Constructor theory is a relatively nascent idea in fundamental physics that proposes to underlie all other currently known theories, not to mention those yet to be known, and to solve problems across a host of fields in science and beyond.

Logan Chipkin joins Oxford physicist and constructor theorist Chiara Marletto to discuss what constructor theory is, how it might point the way to a successor to quantum theory, and how it might allow physics to tackle some of philosophy’s most perplexing puzzles.

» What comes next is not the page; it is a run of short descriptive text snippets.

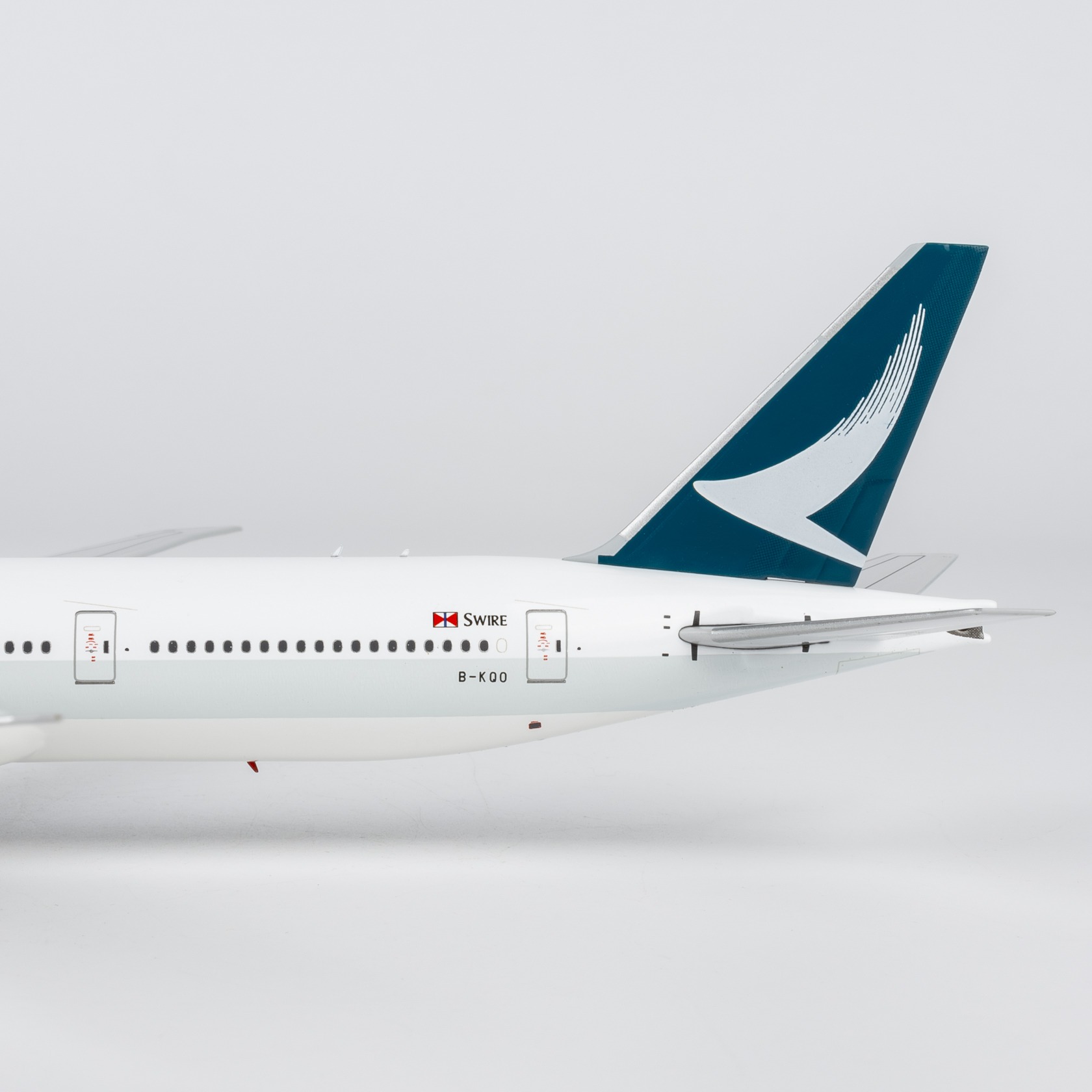 NG Models 1:400 Cathay Pacific Airways B-KQO Boeing 777-300 - Image 4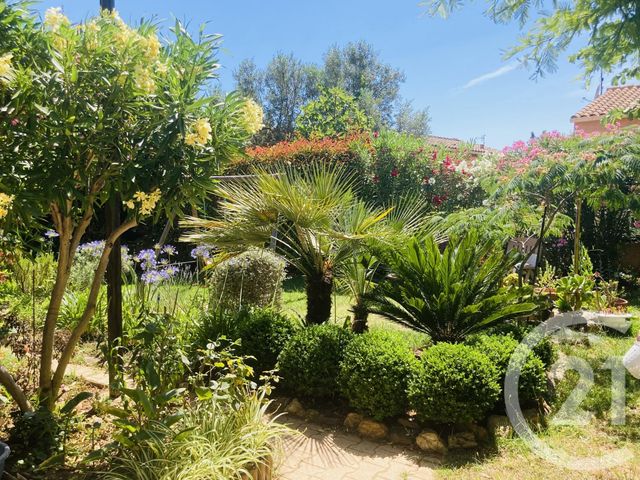 Afficher la photo en grand maison à vendre - 6 pièces - 152.0 m2 - LA LONDE LES MAURES - 83 - PROVENCE-ALPES-COTE-D-AZUR - Century 21 Agence Bordenave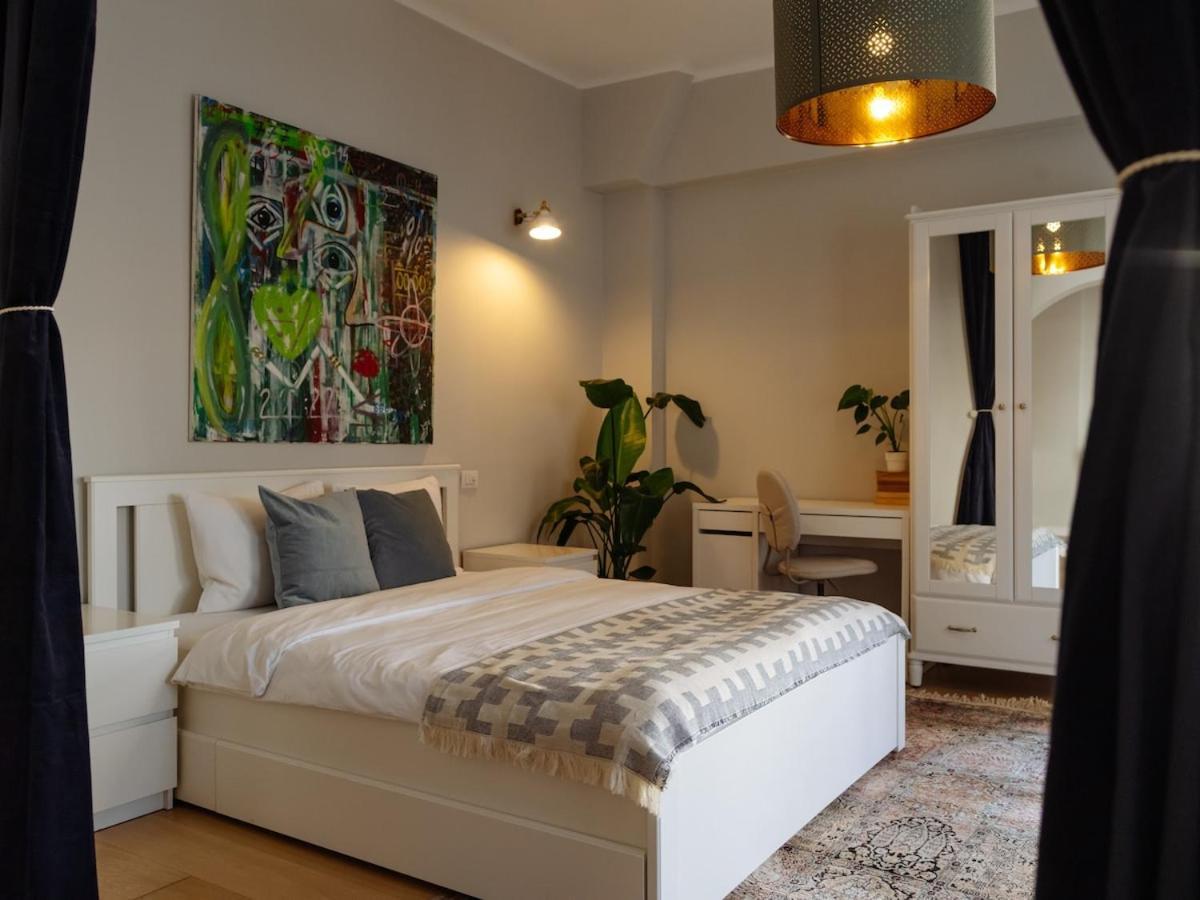 Double Near Cismigiu Park Apartment Bucharest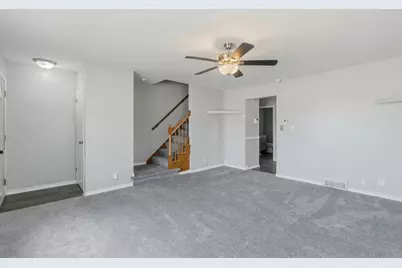 10501 W Silver Spring Dr, Milwaukee, WI 53225 - Photo 9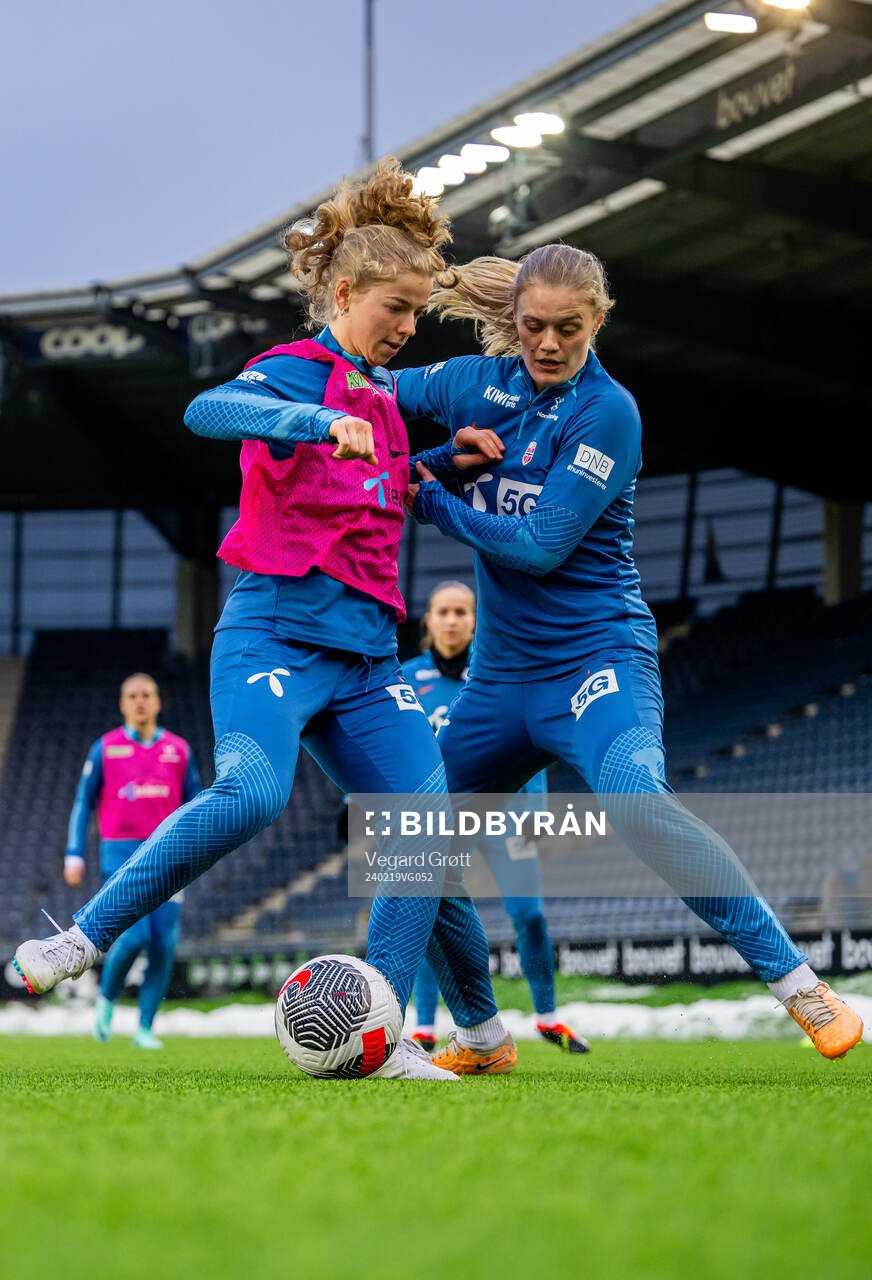 Justine Kielland and Mathilde Harviken of the Norwegian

Chipkin: What is constructor theory?

Marletto: Constructor Theory was originally proposed by David Deutsch in 2012. The program was to try to recast the whole of physics in different terms. Instead of using the ‘dynamical laws + initial conditions’ approach, David suggested an approach which is rooted in the quantum theory of computation, but extended to the rest of physics. The approach is to use statements about what tasks are forbidden/impossible, and what tasks are possible, and why. When we started working together we realized that the theory actually had a much wider applicability than it had originally seemed. I came in by applying constructor theory to various open problems in quantum information, in quantum thermodynamics, in the foundations of quantum physics, and so on.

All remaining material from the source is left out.